Introduction

Humans are able to quickly recognize 3D shapes from images, even in spite of drastic differences in object texture, material, lighting, and background.

In this work, the authors propose a novel end-to-end trainable model that sequentially estimates 2.5D sketches and 3D object shape from images and also enforce re-projection consistency between the 3D shape and the estimated sketch. 2.5D is the construction of a 3D environment using 2D retina projection along with depth perception obtained from the image. The two step approach makes the network more robust to differences in object texture, material, lighting and background. Based on the idea from [Marr, 1982] that human 3D perception relies on recovering 2.5D sketches, which include depth maps (contains information related to the distance of surfaces from a viewpoint) and surface normal maps (technique for adding the illusion of depth details to surfaces using an image's RGB information), the authors design an end-to-end trainable pipeline which they call MarrNet. MarrNet first estimates depth, normal maps, and silhouette, followed by a 3D shape. MarrNet uses an encoder-decoder structure for the sub-components of the framework.

The authors claim several unique advantages to their method. Single image 3D reconstruction is a highly under-constrained problem, requiring strong prior knowledge of object shapes. As well, accurate 3D object annotations using real images are not common, and many previous approaches rely on purely synthetic data. However, most of these methods suffer from domain adaptation due to imperfect rendering.

Using 2.5D sketches can alleviate the challenges of domain transfer. It is straightforward to generate perfect object surface normals and depths using a graphics engine. Since 2.5D sketches contain only depth, surface normal, and silhouette information, the second step of recovering 3D shape can be trained purely from synthetic data. As well, the introduction of differentiable constraints between 2.5D sketches and 3D shape makes it possible to fine-tune the system, even without any annotations.
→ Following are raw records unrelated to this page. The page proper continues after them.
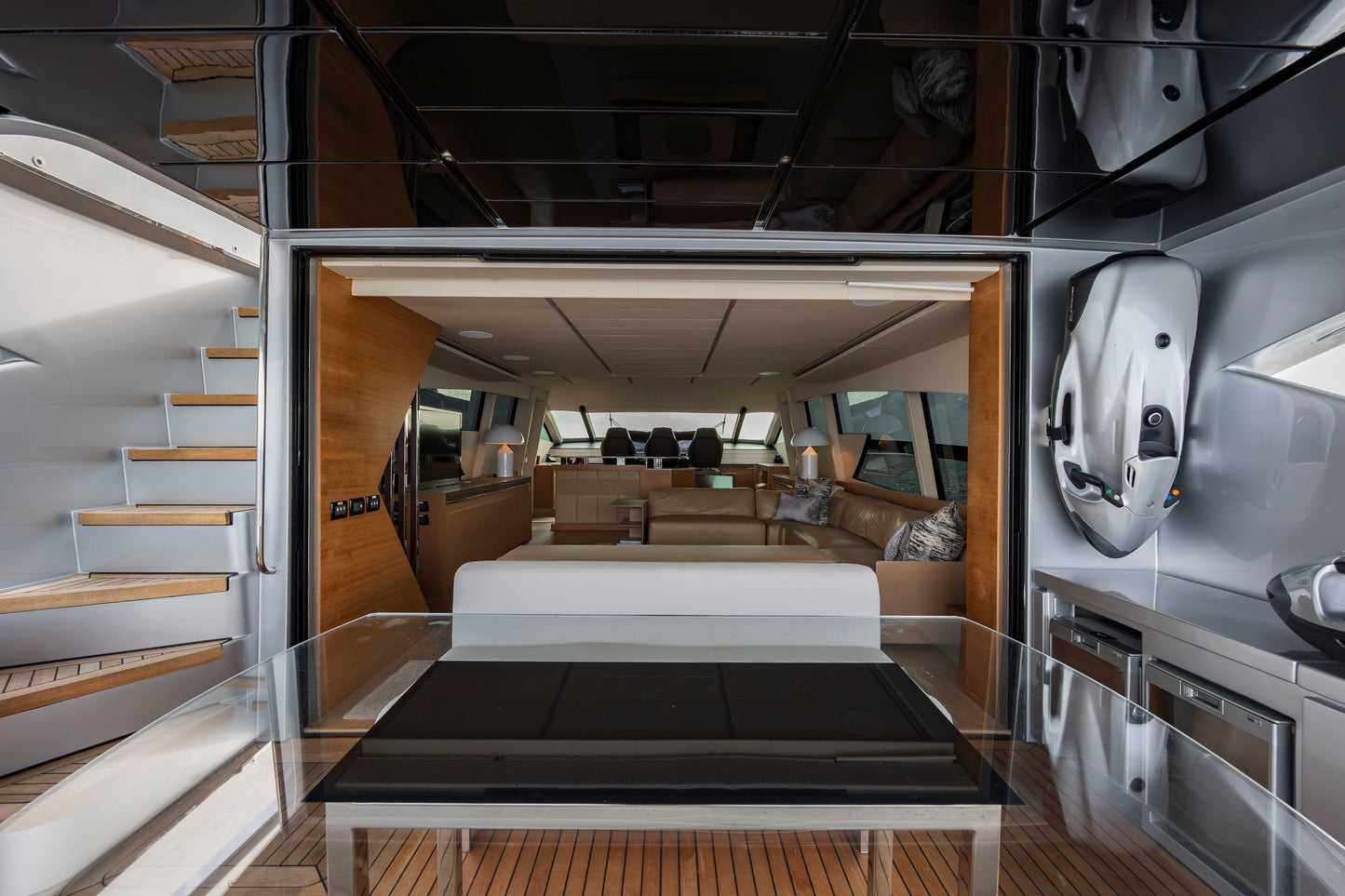 Pershing 92' Yacht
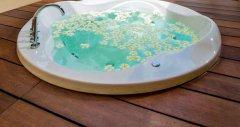 Hilton-Phuket-Spa-1.jpg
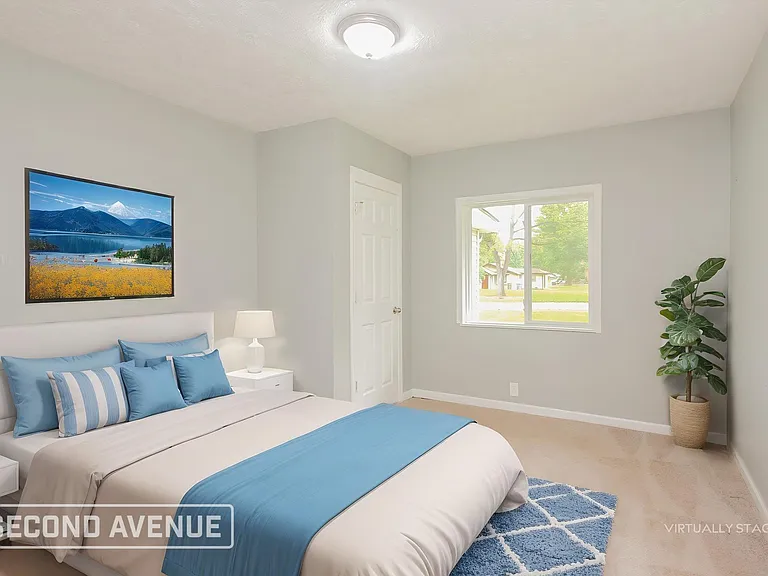 3636 N Dearborn St — Photo 13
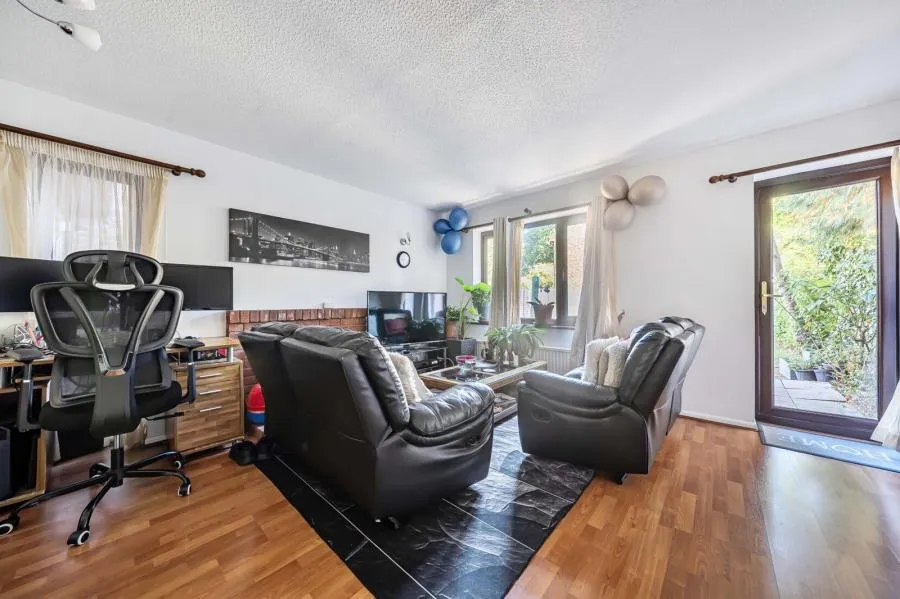 Pettys Brook Road, Chineham, RG24, photo 2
The framework is evaluated on both synthetic objects from ShapeNet, and real images from PASCAL 3D+, showing good qualitative and quantitative performance in 3D shape reconstruction.

Related Work

2.5D Sketch Recovery

Researchers have explored recovering 2.5D information from shading, texture, and colour images in the past. More recently, the development of depth sensors has led to the creation of large RGB-D datasets, and papers on estimating depth, surface normals, and other intrinsic images using deep networks. While this method employs 2.5D estimation, the final output is a full 3D shape of an object.

Notes: 2.5D

Two and a half dimensional (shortened to 2.5D, known alternatively as three-quarter perspective and pseudo-3D) is a term used to describe either 2D graphical projections and similar techniques used to cause images to simulate the appearance of being three-dimensional (3D) when in fact they are not, or gameplay in an otherwise three-dimensional video game that is restricted to a two-dimensional plane or has a virtual camera with fixed angle.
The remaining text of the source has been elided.